In the most ironic statement of the century, Holger Münch, president of the Federal Criminal Police Office, said “The still high incidence of punishable hate posting shows a need for police action. Our free society must not allow a climate of fear, threat, criminal violence, and violence either on the street or on the internet.” So in Germany, a free society means “don’t say things the government doesn’t like, or your home will be raided.”
The raids come as German politicians are debating the draft of a new social media law aimed at cracking down on hate speech, a measure that an array of experts said was unconstitutional at a parliamentary hearing on Monday. The law simply dictates what one is allowed to say or not say on social media. That’s, without a doubt, a free speech violation. Of course, the German government is selling it in the name of “freedom.”
Under German law, social media users are subject to a range of punishments for posting illegal material, including a prison sentence of up to five years for inciting racial hatred. Under the draft statute, networks must offer a readily available complaint process for posts that may amount to threats, hate speech, defamation, or incitement to commit a crime, among other offenses.Social media outlets would have 24 hours to delete “obviously criminal content” and a week to decide on more ambiguous cases.

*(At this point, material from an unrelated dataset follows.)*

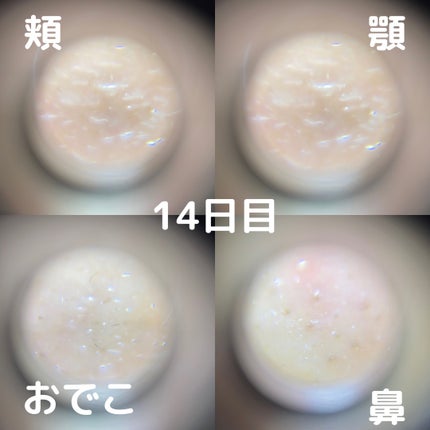 CICA クリーム/VT/フェイスクリームを使ったクチコミ(5枚目)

The law, approved by Germany’s cabinet in April, would be enforced with fines of up to $53 million.
But even human rights organizations understand that all speech, even that which is disliked, is considered free speech, and any law against it is a human rights violation.
Human rights, including free expression, aren’t just essential to functioning democracies, but to safe and secure societies. While controversial, protecting the expression of even the most disfavored views is how we ensure that free speech is protected for all, including the most marginalized groups. –Human Rights First
Some of the posts were cruel in nature, but still free speech. According to Abendzeitung, police arrived at one man’s house in Munich at 6 am and confiscated two of his cell phones. The 23-year-old was accused of commenting that gays should hang themselves underneath a Facebook photo of two men kissing. Others were accused of making “anti-government” statements.
It looks like Germany will have to relearn all the lessons they have failed. It wasn’t so long ago that they allowed the government enough power that it exterminated millions of people. But relearning these lessons will be costly at best and disastrous at worst.